Quelques critiques...

 

Jacques Perret est un bloc. Avec lui, pas question de chipoter. Ou l'on passe son chemin. Ou l'on s'attable. Les inconditionnels appartiennent à toutes les familles, littéraires comme politiques. Ils n'ont en commun que le goût de la belle musique. Et du parler dru. Si bien qu'ils ne se lassent pas de relire les livres de celui qui s'en est allé voir, le 10 décembre 1992, si les anges avaient le pied marin. Il y aura en effet bientôt vingt ans que Perret nous manque, même si « Le Caporal épinglé » ou « Bande à part » trouvent encore et toujours lecteurs et relecteurs. Car, sur la défaite de 40, le refus du stalag, le choix de la Résistance, quoi de mieux que ces deux autobiographies romanesques ? On regrettera donc, et fortement, que les historiens n'y fassent jamais référence, alors qu'il s'agit de documents uniques sur la vie des Français.

Comme pour mieux nous en persuader, Le Dilettante vient de mettre en vente un petit volume, « Dans la musette du caporal », composé de textes autrefois publiés dans des revues et devenus, par la force des choses, difficiles à dénicher.

Bien évidemment, avec un tel titre, il y est question de guerre, de courage, et de souffrances. Les Perret ont payé le prix fort. En 14 d'abord, avec la mort de Louis, le frère aîné, élève chartiste qui s'engage à 18 ans et qu'une mitrailleuse allemande va faucher en septembre 1916. Jacques, alors âgé de 16 ans, enragera de ne pouvoir l'imiter. Cela se sent, se vit, à mots fusants, dans le premier récit consacré à ce grand frère trop tôt disparu. Il y a ensuite, dans cette musette, deux retours à Berlin, réduit en cendres, où l'ancien prisonnier, croix de guerre en juin 1940 et quatre fois évadé, essaie de retrouver les traces de son stalag, mais « la terre est sans mémoire ». Aussi Perret corrige-t-il une si scandaleuse anomalie en ressuscitant, à la manière d'une eau-forte, Ramos, le copain maquisard qui renoua avec l'héroïsme d'un Du Guesclin. Sublime. Vraiment sublime.

« Dans la musette du caporal », de Jacques Perret, éd. Le Dilettante, 128 p., 15 €.

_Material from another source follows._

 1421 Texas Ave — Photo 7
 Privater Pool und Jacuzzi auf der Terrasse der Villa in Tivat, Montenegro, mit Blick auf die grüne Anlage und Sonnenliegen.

Gérard Guégan, Sud Ouest, 13 novembre 2011

 




Qui lit encore Jacques Perret ? Une poignée de nostalgiques, et quand bien même, cela suffirait à maintenir vivant cet écrivain si français disparu en 1992. Mais ne vous méprenez pas : ces lecteurs-là ne regrettent pas tant une époque qu’une certaine manière de s’en sortir avec les mots, de nouer la langue commune à la langue classique pour la faire sourire. Cela a donné des récits (Le Caporal épinglé), des romans (Le Vent dans les voiles, Les Biffins de Gonesse, Mutinerie à bord), des chroniques (Objets perdus), des souvenirs (Raisons de famille) et un Bande à part qui fut couronné du prix Interallié 1951, cérémonie à laquelle l’auteur arriva en retard, ce qui lui valut d’être accueilli par son complice Antoine Blondin sur un tonitruant : « Le voilà, Perret ! ».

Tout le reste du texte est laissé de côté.